Retype all data exactly as given. Pictures should not be retyped.

[[ Task inputs, beginning ]]

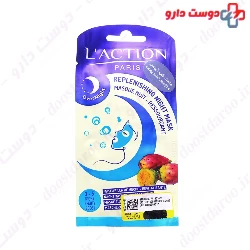 Replenishing Night Mask Laction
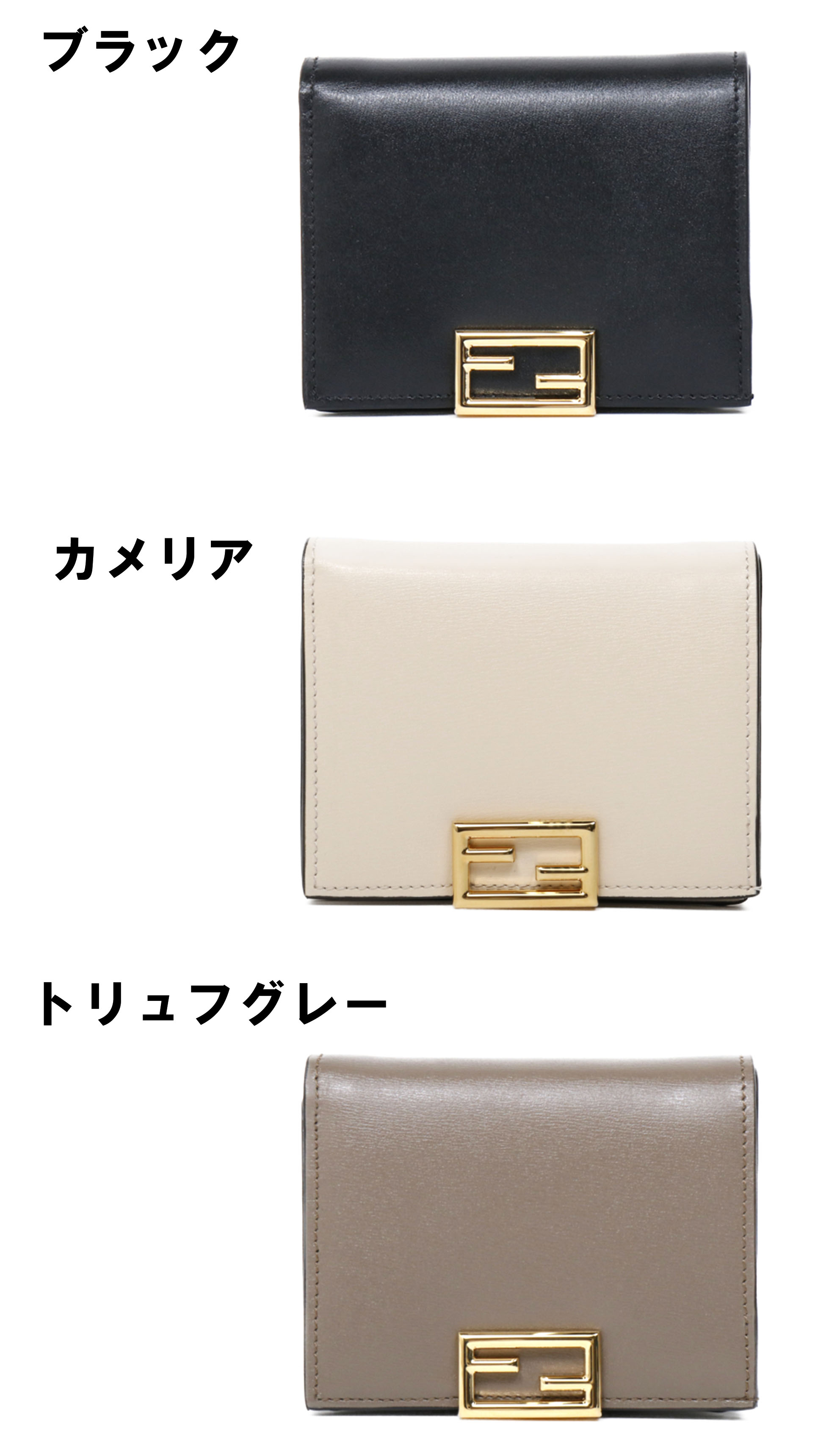 FENDI スモールウォレット 二つ折り財布 www.krzysztofbialy.com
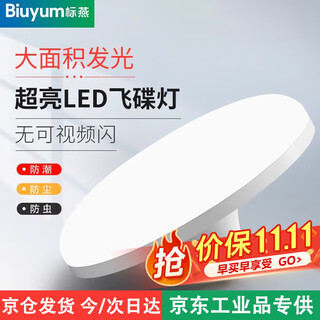 Biuyum flying saucer light three-proof led light bulb energy-saving high-power super bright workshop parking lot aisle lighting e27 screw screw 35w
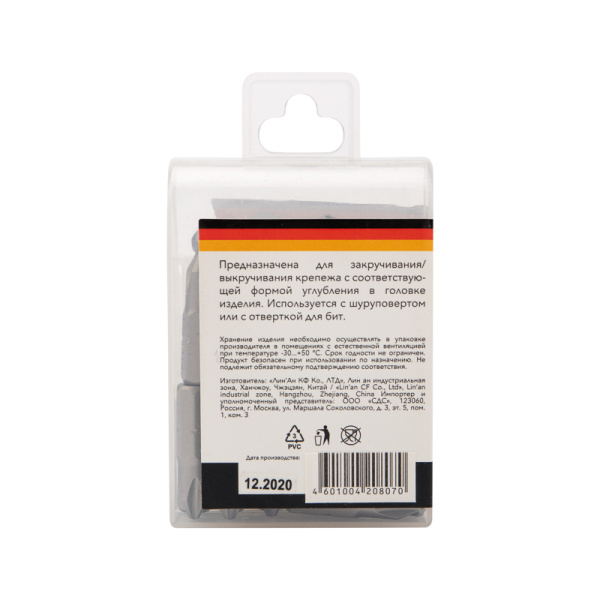 Бита PH2х25 мм для шуруповерта (упак. 25 шт.) Kranz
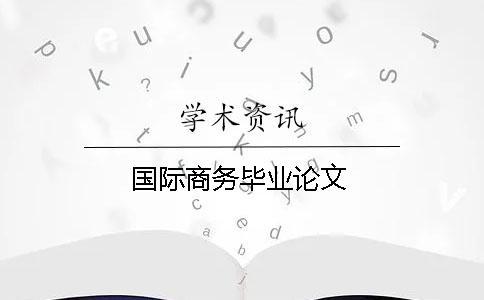 国际商务毕业论文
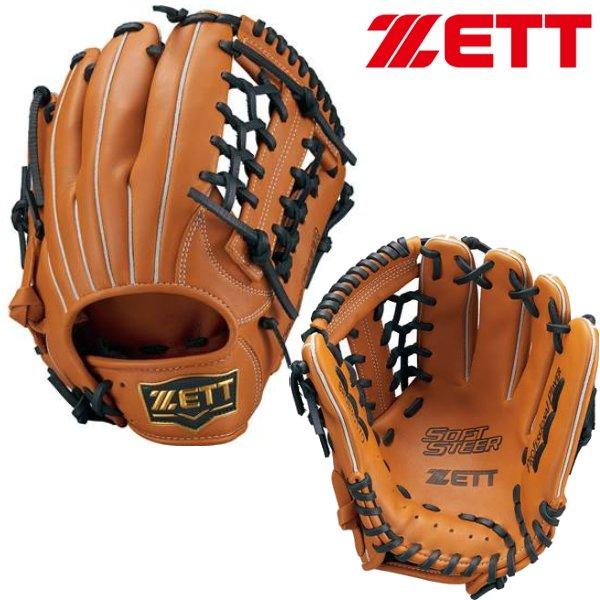 ゼット 野球 軟式グラブ グローブ ソフトステアシリーズ 中学生 ゼット 野球 軟式グラブ グローブ ソフトステアシリーズ 中学生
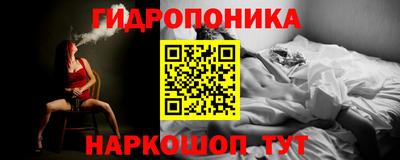 мефедрон мука Азнакаево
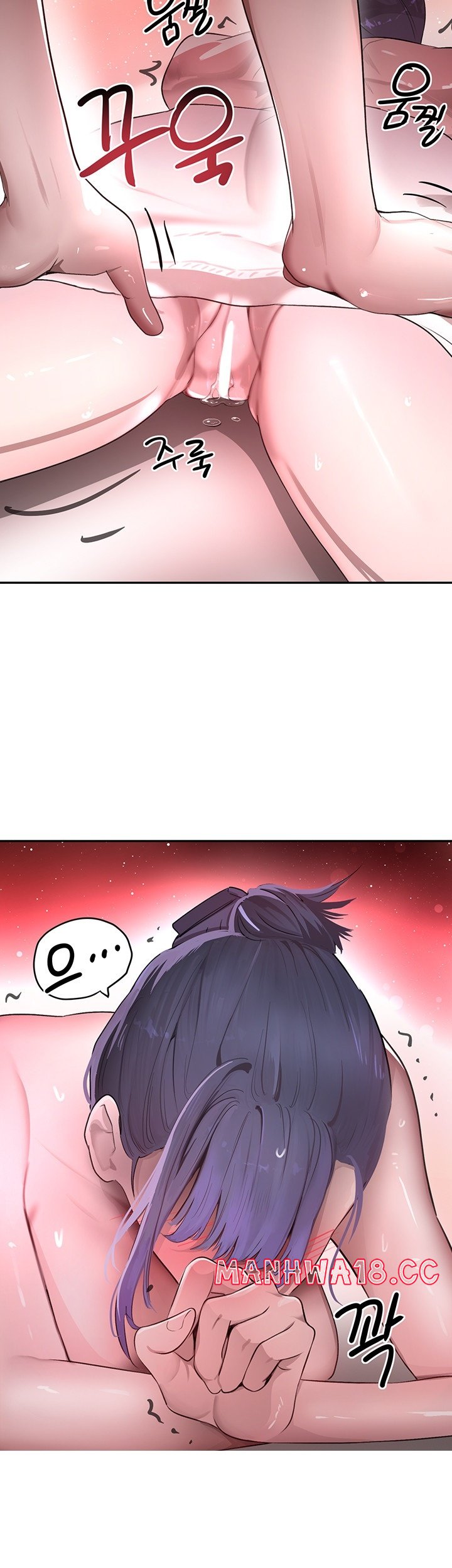 The Boss’s Daughter Raw Chapter 10 Page 40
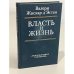 Обложка книги «Власть и жизнь» — Валери Жискар де Эстен, ISBN 5713301664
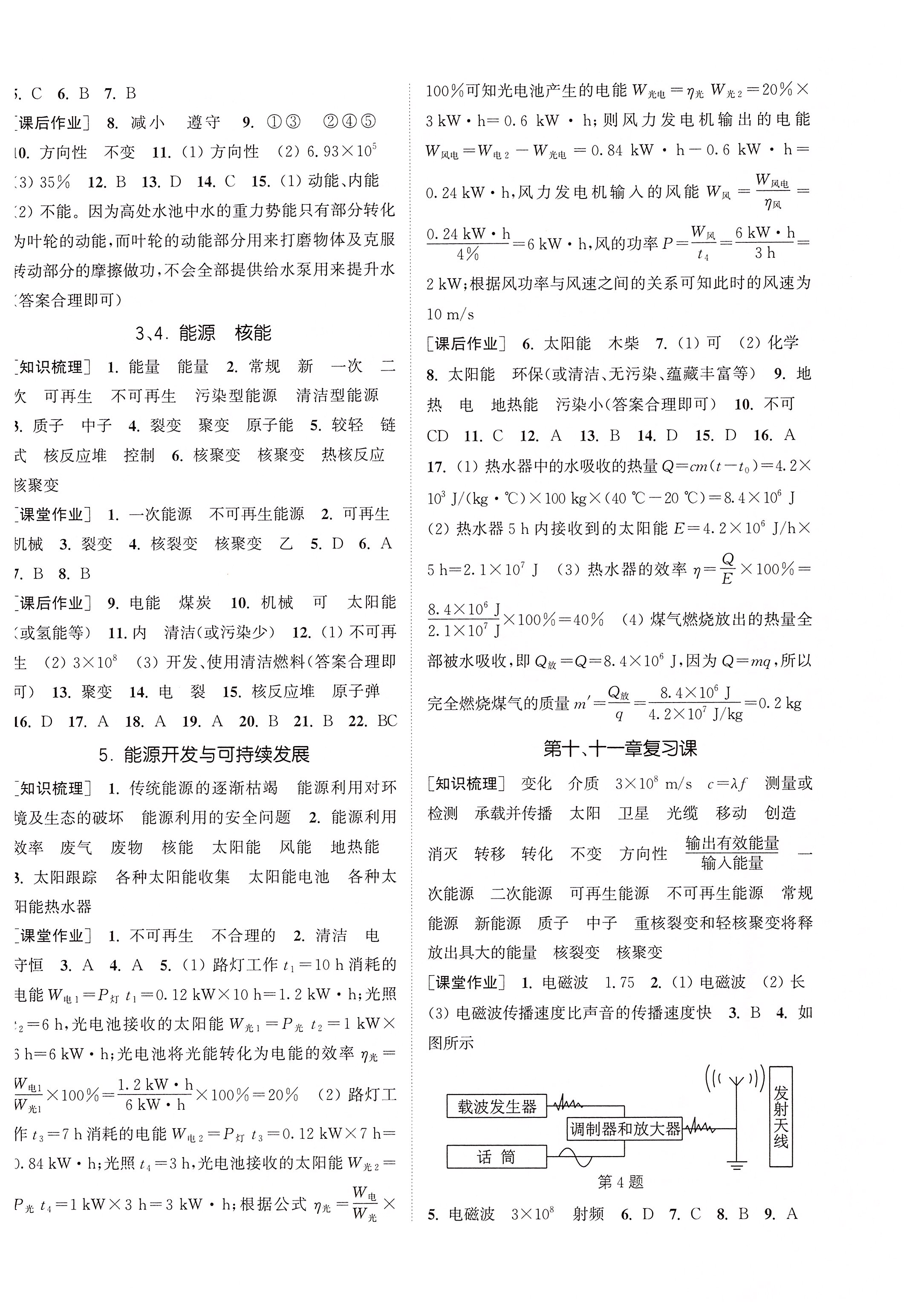 2019年通城學(xué)典課時作業(yè)本九年級物理全一冊教科版 參考答案第20頁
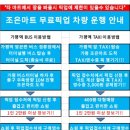 아인글램핑 이미지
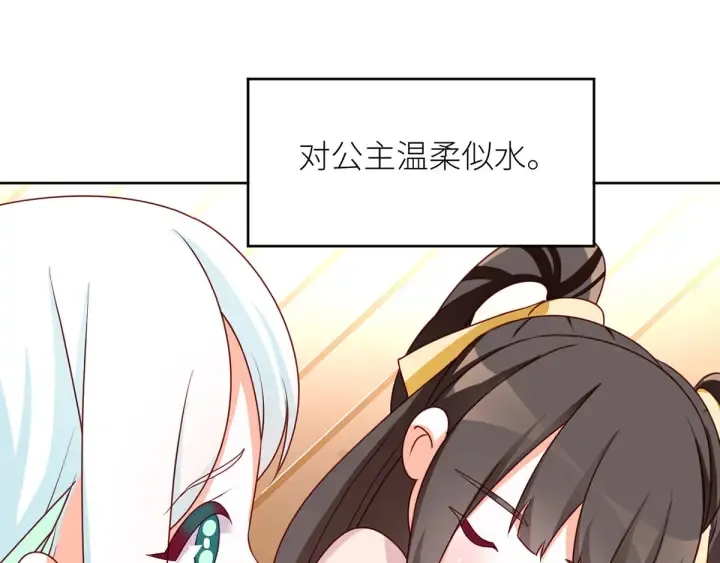 第172话 小妖精真会勾引人 第140页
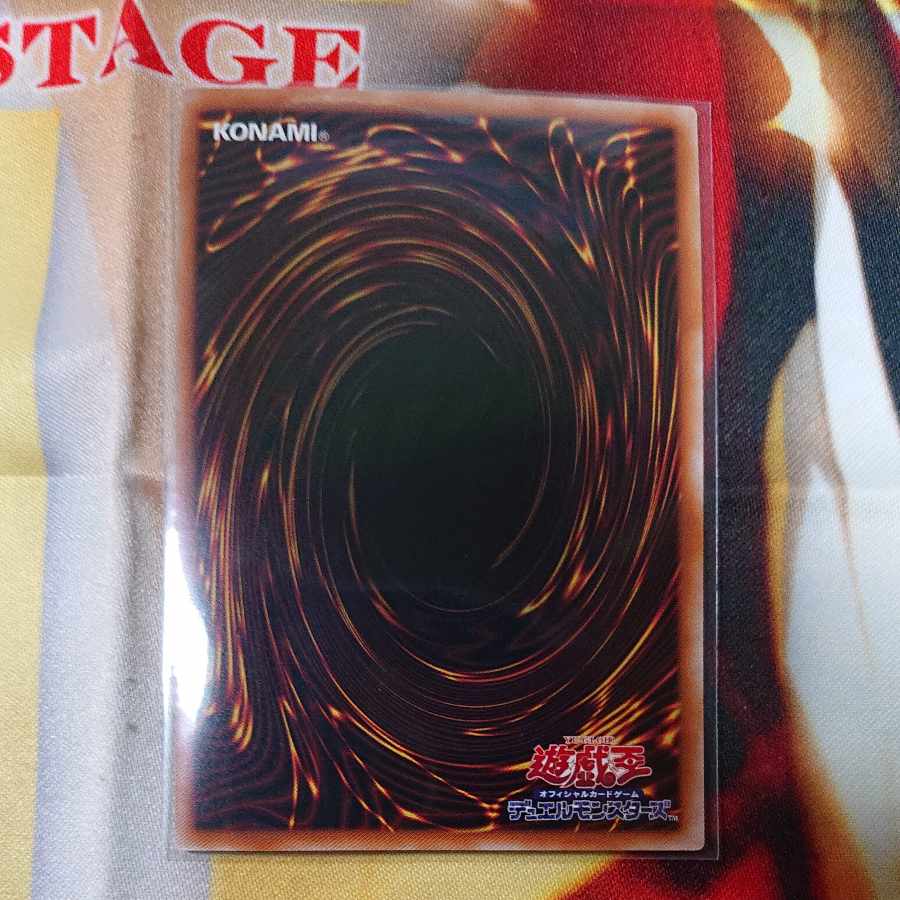 Invocation Ultimate Rare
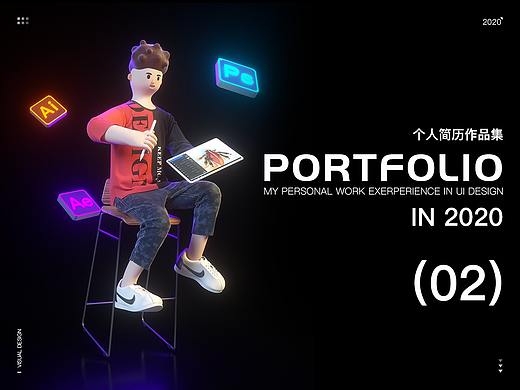 2020个人作品集（二）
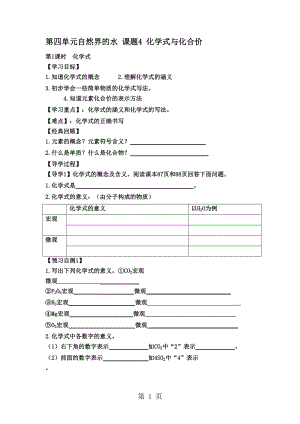 人教版巴市杭錦后旗九年級化學上冊導學案第四單元自然界的水課題4化學式與化合價無答案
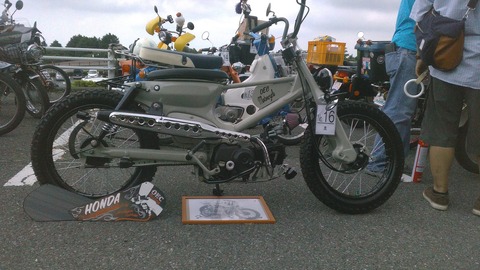 KIMG0250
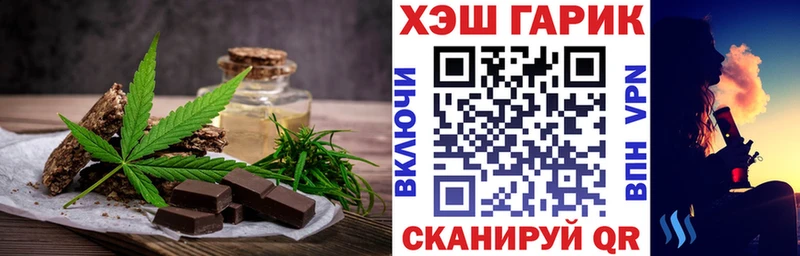 mega зеркало Инза Еда ТГК марихуана хочу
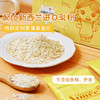 童味格子牛乳燕麦片，冲调即食燕麦35g*15包/盒 商品缩略图3
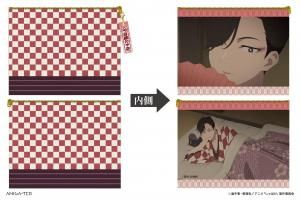 2025ǯ12ܺ缡ȯͽꡡTV˥ؤФ ξ̥ץȥݡ ֢Τ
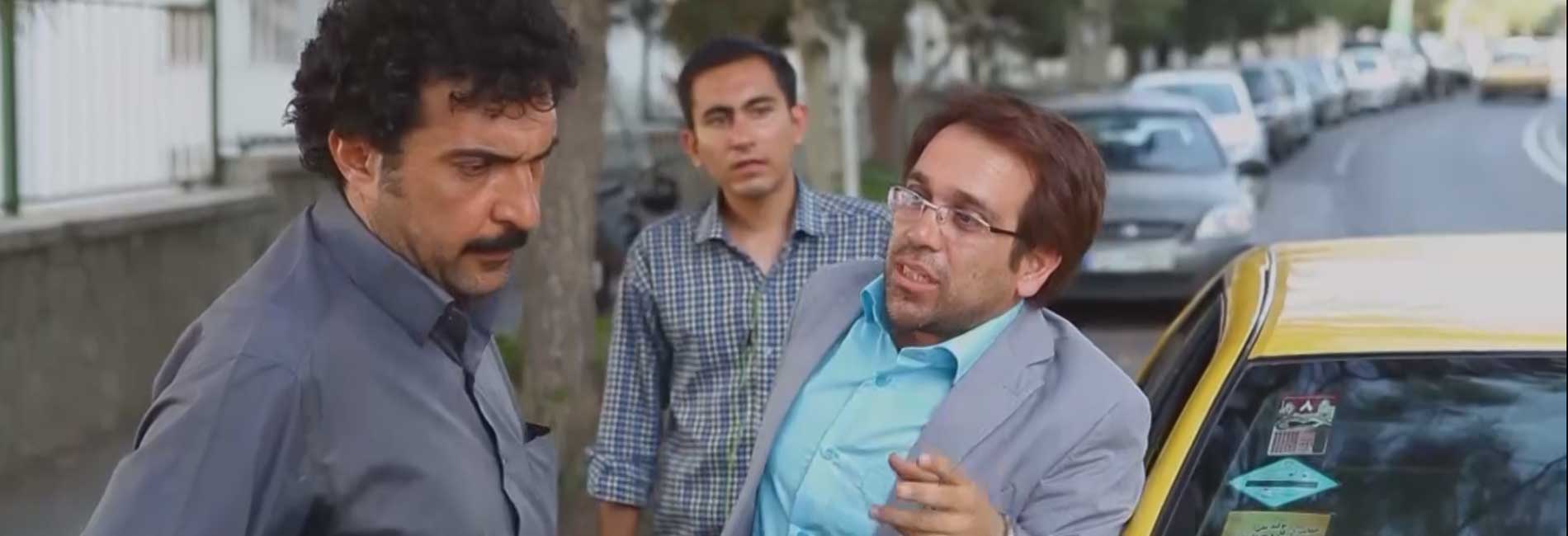 کرایه ها آماده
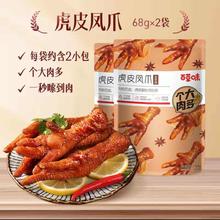 百草味 虎皮凤爪 卤香味 鸡爪 熟食 休闲零食 办公室小吃 68g*2袋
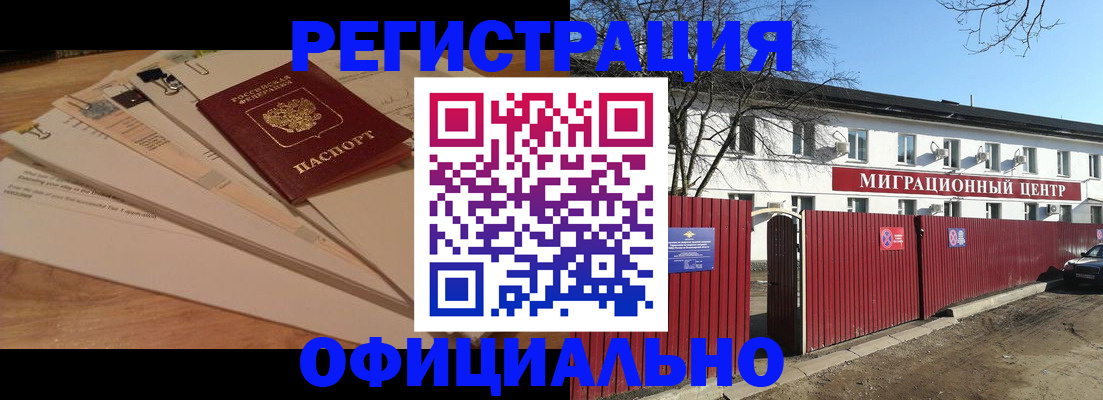 прописка иностранных граждан в Кеми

[[ Task inputs, end ]]

**Answer to this exercise**
 Replenishing Night Mask Laction
 FENDI スモールウォレット 二つ折り財布 www.krzysztofbialy.com
 Biuyum flying saucer light three-proof led light bulb energy-saving high-power super bright workshop parking lot aisle lighting e27 screw screw 35w
 Бита PH2х25 мм для шуруповерта (упак. 25 шт.) Kranz
 国际商务毕业论文
 ゼット 野球 軟式グラブ グローブ ソフトステアシリーズ 中学生 ゼット 野球 軟式グラブ グローブ ソフトステアシリーズ 中学生
 мефедрон мука Азнакаево
 The Boss’s Daughter Raw Chapter 10 Page 40
 Обложка книги «Власть и жизнь» — Валери Жискар де Эстен, ISBN 5713301664
 2019年通城學(xué)典課時作業(yè)本九年級物理全一冊教科版 參考答案第20頁
 아인글램핑 이미지
 第172话 小妖精真会勾引人 第140页
 Invocation Ultimate Rare
 2020个人作品集（二）
 人教版巴市杭錦后旗九年級化學上冊導學案第四單元自然界的水課題4化學式與化合價無答案
 KIMG0250
 mega зеркало Инза Еда ТГК марихуана хочу
 童味格子牛乳燕麦片，冲调即食燕麦35g*15包/盒 商品缩略图3
 2025ǯ12ܺ缡ȯͽꡡTV˥ؤФ ξ̥ץȥݡ ֢Τ
 کرایه ها آماده
 百草味 虎皮凤爪 卤香味 鸡爪 熟食 休闲零食 办公室小吃 68g*2袋
 прописка иностранных граждан в Кеми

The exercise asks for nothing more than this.